What Option is there before India and Pakistan other than Friendship and Peace?

Sunday 15 July 2018, by Sandeep Pandey

The India-Pakistan Friendship and Peace March from Ahmedabad to Nada Bet during June 19 to 29, 2018 concluded successfully even though the Ahmedabad Police detained the marchers for about three hours at the beginning as soon as it started from Gandhi Ashram and the Border Security Force didn’t give permission to the march at the fag end from Nadeshwari Mata Mandir to the border, a distance of 25 km. Hence the total distance of this march on foot was curtailed to about 250 km. From Gandhi Ashram in Ahmedabad the march proceeded along Adalaj, Kalol, Chatral, Nandasan, Mandali, Mehsana, Bokarwada, Sihi, Balisana, Patan, Dunawada, Roda, Totana, Thara, Devdarbar, Diyodar, Kuwala, Bhabhar, Dudhwa, Suigam to Nadeshwari Mata Mandir at Nada Bet.

The March was taken out to demand from the governments of India and Pakistan to reach an agreement to stop killing each other’s soldiers on the border. Recently on June 21, 2018, the occasion of International Yoga Day, Indian and Chinese soldiers practised yoga together at Daulat Beg Oldie in eastern Ladakh. Why can’t a similar atmosphere of bonhomie be created on the India-Pakistan border? The two countries need to grant easy permission for visas to each other’s citizens to allow them to travel across the border. If possible, they should waive the visa requirement for the old people, children, journalists, academics, social activists, religious leaders and labourers. One route on the Gujarat border with Sind should be opened to facilitate travel and trade between two countries either at Khavda or Nada Bet. The bus service between Suigam and Nagarparkar, which was there till 1972, could be restored. Opening of the Khavda route will be a great help for those fisherfolk whose family members get caught by the coastal guards of the other country and then have to spend years in jail without any information reaching back home. Sometimes family members may not even know that their kin have landed in jail on the other side of the border. The two countries must make public such list of each other’s prisoners.

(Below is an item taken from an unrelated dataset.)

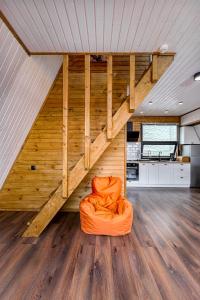 Modern Wood Cottages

For people, who may find it difficult to get a passport made or obtain a visa, if the daily evening military ceremony at Wagha-Attari border is replaced by a peace park and people from across the border are allowed to meet freely for a couple of hours every day merely by depositing one of their identity cards and under a suitable security apparatus, the event would serve a great purpose. Such peace parks could be created on all openings along the border. Finally, drawing inspiration from North Korea it is important that China, India and Pakistan should give up their nuclear weapons to make Asia a Nuclear Weapons Free Zone and safe for all people of the region and the world.

About 500 signatures were collected during the march on the above-mentioned issues addressed to the Prime Ministers of India and Pakistan.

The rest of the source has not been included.